— Мария Владимировна, какие цели вы ставите перед собой на своем посту? Согласны ли с тем, что вам удалось изменить восприятие МИД в стране и мире, увеличить его популярность?
— На любой должности я ставила основной целью качество выполнения своих функциональных обязанностей. Менялись направления работы, менялась даже география, а цель оставалась той же. Так получилось, что я всегда была связана с информацией, с работой пресс-служб, со связями с общественностью и т.д. Качество работы нужно оценивать не мне, а коллективу, в котором я работаю, профессионалам, экспертам. Мне кажется, что-то удавалось сделать — запускать новые проекты, модернизировать и оптимизировать работу, то есть идти не экстенсивным, а интенсивным путем. В то же время всегда хочется большего. Каждое время требует новых тенденций и новых целевых задач.

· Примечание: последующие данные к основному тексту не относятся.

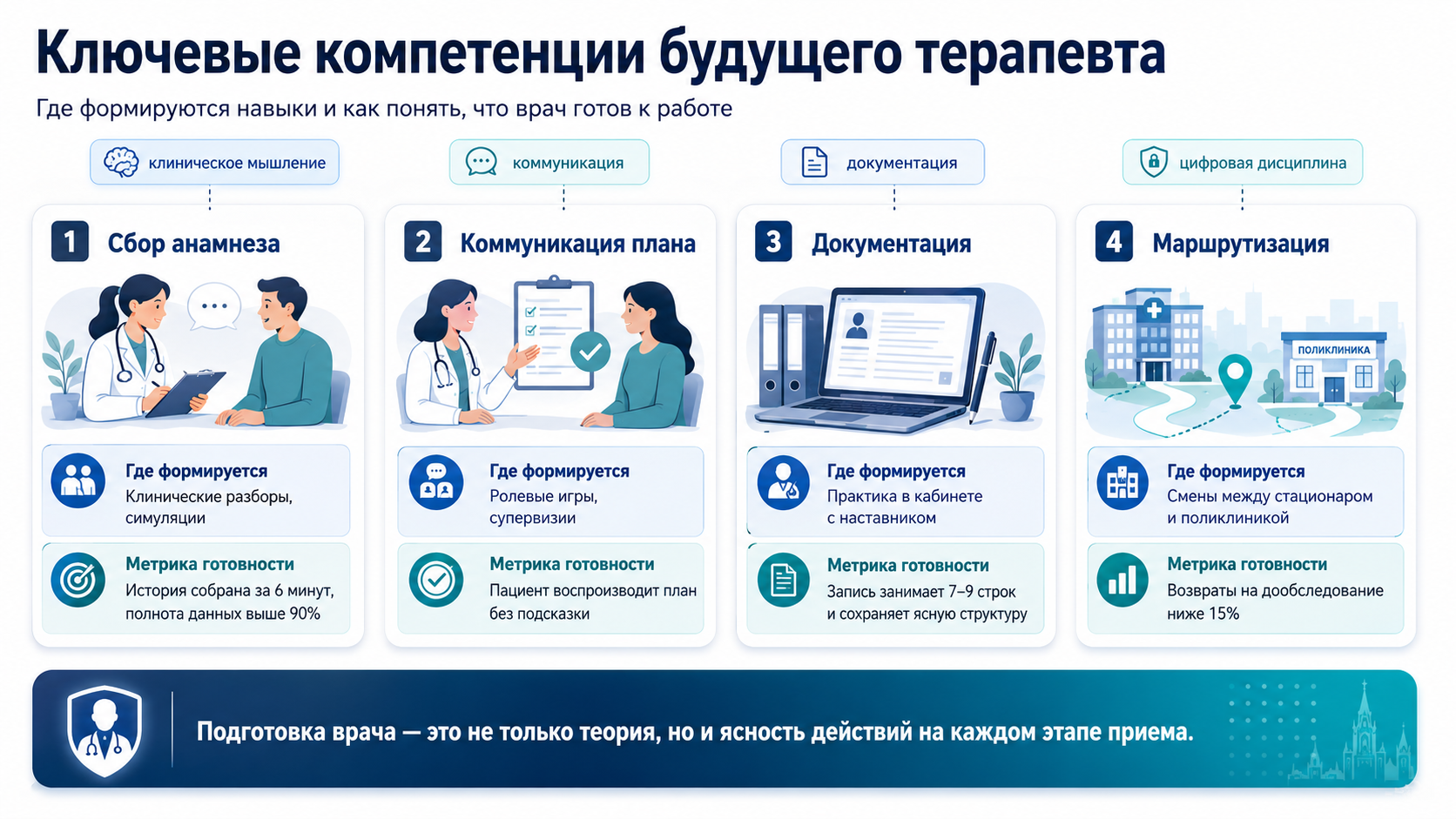 Учебные треки для поликлиники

С ними и работаем.
— Сравнения с Дженн Псаки раздражают?
— Вообще не раздражают. Я воспринимаю их как такие упрощенные журналистские клише: людям всегда удобней воспринимать что-то в сравнении с чем-то, особенно в той сфере, где им многое незнакомо. Отношусь к этому с пониманием, потому что прекрасно понимаю работу журналистов и, главное, форму и восприятие информации современной массовой аудиторией.
— Есть мнение, что руководство РФ отдает внешнеполитическим интересам страны безусловный приоритет в ущерб внутренней ситуации, в первую очередь речь идет об экономике…
— Я с этим никаким образом не могу согласиться, потому что все это время основной задачей внешней политики России было отстаивание соответствующих интересов как государства в целом, так и российских граждан в частности. Есть, безусловно, критические моменты, когда реагирование, в том числе на то, что происходит вовне, в сфере международных отношений, должно быть принципиальным, потому что это затрагивает основы российских подходов. Мы все прекрасно понимаем, что и санкционное давление, и эти бесконечные попытки призыва к изоляции России жизнь нашу не облегчили. Но нужно аналитически подходить к этому вопросу. Это отнюдь не было ответом на какие-либо российские подходы и шаги, это продуманная целенаправленная политика, которая началась несколько лет назад и в дипломатической литературе имеет четкое определение — политика сдерживания. Это первый очень важный момент.
И второй момент связан с тем, что каждая страна на протяжении своей истории так или иначе испытывала на себе давление извне, подвергалась какому-либо внешнему сильному воздействию на разных уровнях. Это историческая закономерность, потому что интересы у всех государств разные. Конечно, в том числе благодаря дипломатии удается сглаживать различия в подходах, не усугублять эти противоречия, но, безусловно, возникают исторические моменты, когда пересечение интересов превращается в серьезное противостояние.
— Вы сказали про давление извне. Считаете ли вы, что Россия ведет войну или что ей объявлена война? Речь идет о любых формах — гибридная, информационная, санкционная.
— Думаю, что в состоянии войны мы не находимся, а находимся в условиях колоссального давления на нашу страну с целью продвижения собственных интересов определенной группы стран. Вот это очевидный факт. Многие говорят об информационной войне. Понимаете, война предполагает ведение боевых действий, пусть даже виртуальных, с обеих сторон. Мне кажется, это больше похоже на агрессию и на противодействие ей.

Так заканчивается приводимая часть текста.